As an entrepreneur, you work honestly and you remain honest. The money that you spend is either your own or that which is voluntarily entrusted to you. And in the private sector you’re driven to spend that money wisely. More importantly, only in the private sector can you know if your efforts to help others are really succeeding. The reason is that your efforts in the private sector are, as the economist Deirdre McCloskey describes them, “market-tested.”
In the market, you will know if you succeed at improving the lives of others if they pay you enough to continue your efforts. If people don’t pay you enough to continue your efforts, you will know that you are not succeeding at improving the lives of others. You’ll then be driven by competition to redirect your efforts such that you do wind up improving the lives of others.

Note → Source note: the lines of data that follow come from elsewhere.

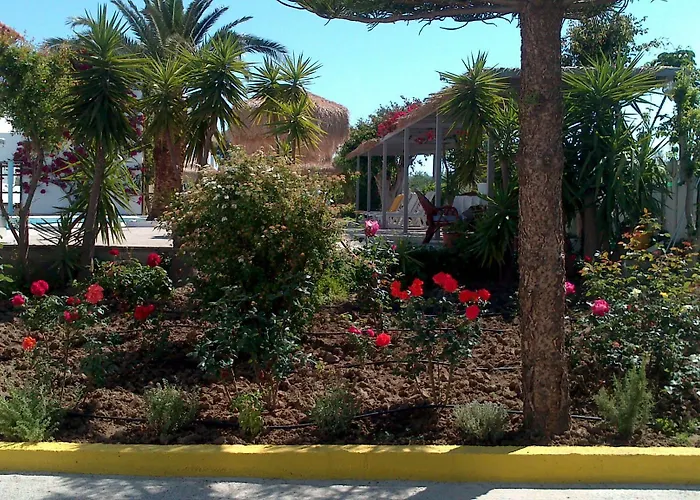 Golden Star Relax - Adults Only 16 Tigkaki (Kos)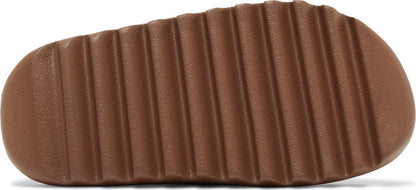 Yeezy YEEZY SLIDES "FLAX" - Size: UK 5 Slides | Shop From The Mirage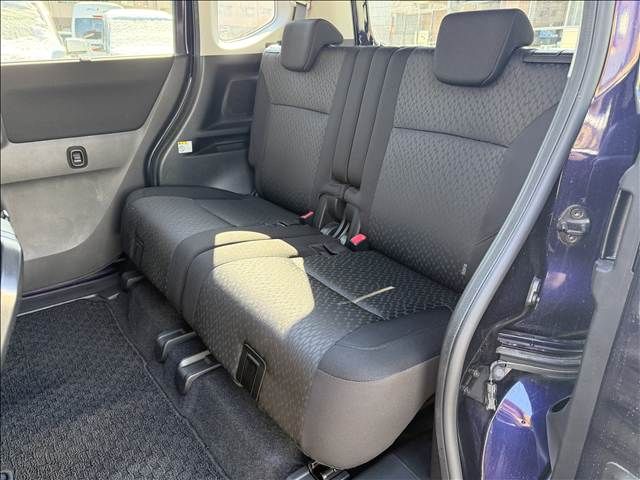 SUZUKI SOLIO BANDIT 2016 Image 31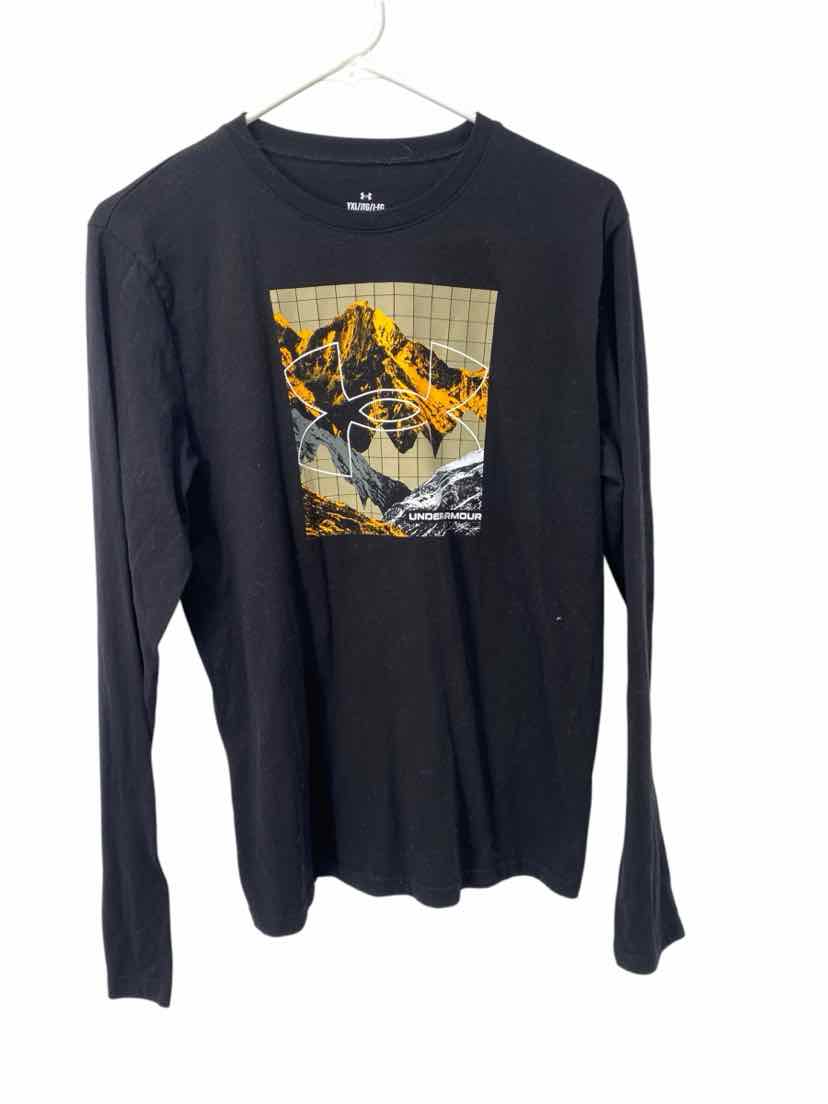 Under Armour Kids Size YXL Shirt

As a politician, in contrast, you work dishonestly and are at high risk of becoming corrupted. If you gain political office you’ll spend, not your own money, but that of other people. And the programs on which you’ll spend these sums will mostly be ones to which Americans are compelled to submit. There is, with almost all government programs, nothing akin to a real market test. In politics the only ‘test’ is superficial popularity – your looks, your glibness, your ability to appear to be expressing substantive thoughts while in fact saying nothing substantive at all – combined with your ability and willingness to serve powerful interest groups. Under such circumstances you cannot long remain a decent human being.
Especially because you seem to be an intelligent, well-meaning, and hard-working woman, quit this undignified and soul-warping quest for political office. Use your drive, talents, and creativity not to compel other people to do as you and a coalition of other politicians command, but, instead, to entrepreneurially discover and deliver alternatives for which people express their approval both by voluntarily buying your goods or services, and by voluntarily working for you and investing in your ventures.
America has a superabundance of people lusting to exercise power over others. But we can always use another genuine entrepreneur. You are rightly proud of being one. Please, stick to being an entrepreneur. Only then will you truly help not only your fellow Californians in the 42nddistrict, but the whole of humanity.